2
$\begingroup$

These four mathematician friends play poker every Saturday night. They always have a twist for the very last hand, just for fun.

This Saturday the twist was “Factorial Clues”. The rule for the last hand was that every player must give a clue about his hand that relates to factorials. They played 5 card poker with a single deck.

Cards were dealt: Five each.

Here were the clues.

John: “I have no face cards. All my five cards are factorials. Their (five cards) multiplication is also a factorial number.”
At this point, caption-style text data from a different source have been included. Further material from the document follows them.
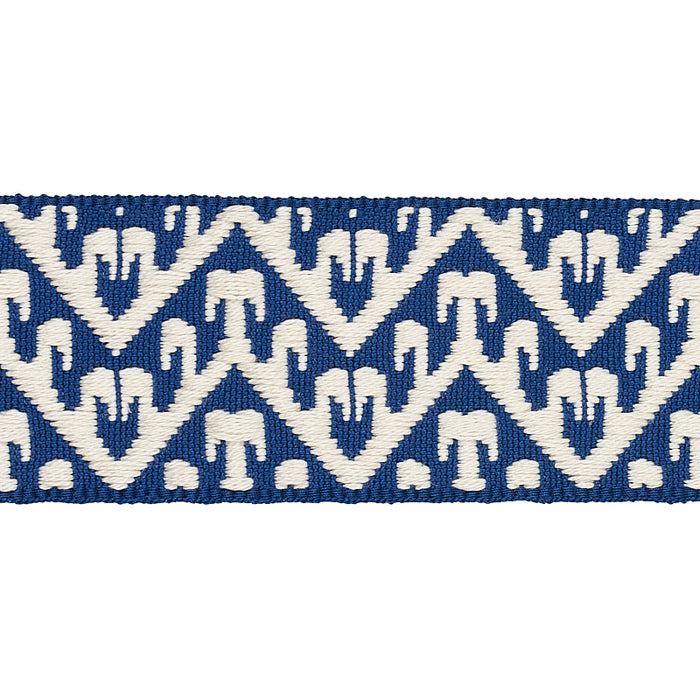Schumacher Tivoli Tape Blue Trim 80011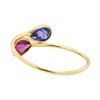 Image 3 : 1.54 ctw Ruby and Sapphire Ring - 18KT Yellow Gold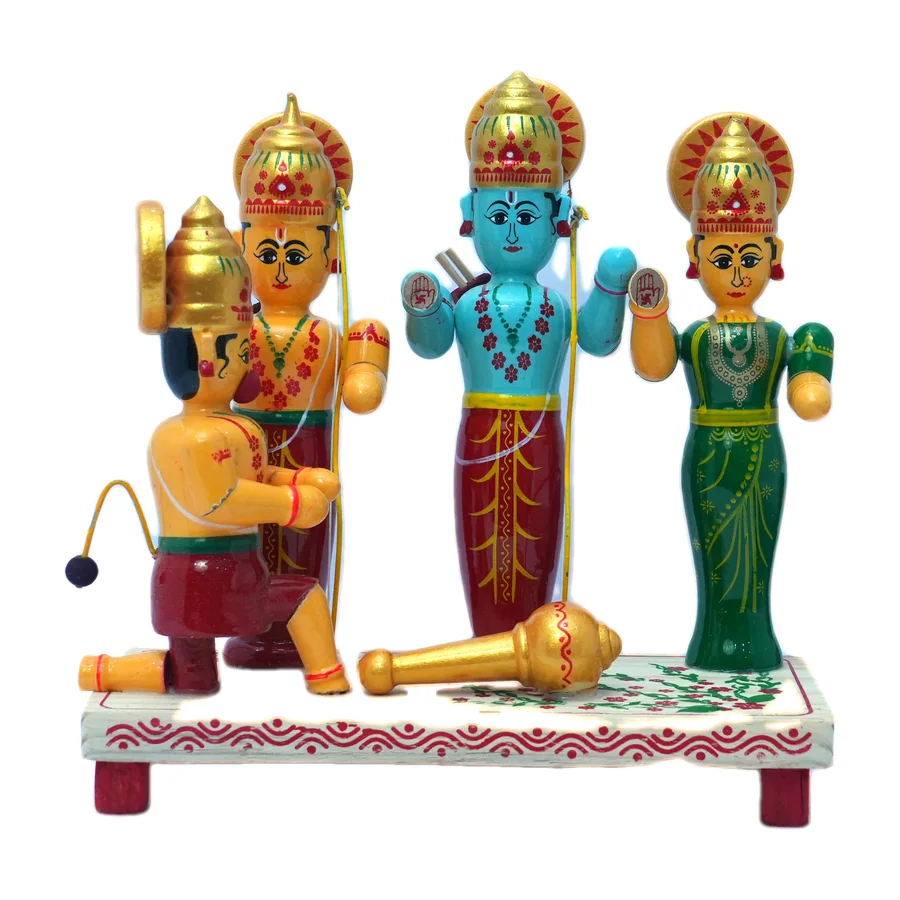 Kondapalli Rama, Sita and Hanuman Set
Jose: “No face cards. Factorial of the first card a perfect square. Sum of the factorial of the first card and the factorial of the second card is also a perfect square. Sum of the factorial of the first card and the factorial of the second card and the factorial of the third card is also a perfect square. Sum of the factorial of the first card and the factorial of the second card and the factorial of the third card and the factorial of the fourth card is also a perfect square. Sum of the factorial of the first card and the factorial of the second card and the factorial of the third card and the factorial of the fourth card and the factorial of the fifth card is also a perfect square.”

Ari: “No face cards. Sum of the factorials of each of my five cards is a 3 digit perfect cube.”

Neal: “No face cards. None of my cards are prime numbers. My five cards add up to a number whose reverse is a factorial.”

It’s time to bid.

If they are all smart logical players, how should the bidding go? Specifically, what should Ari do?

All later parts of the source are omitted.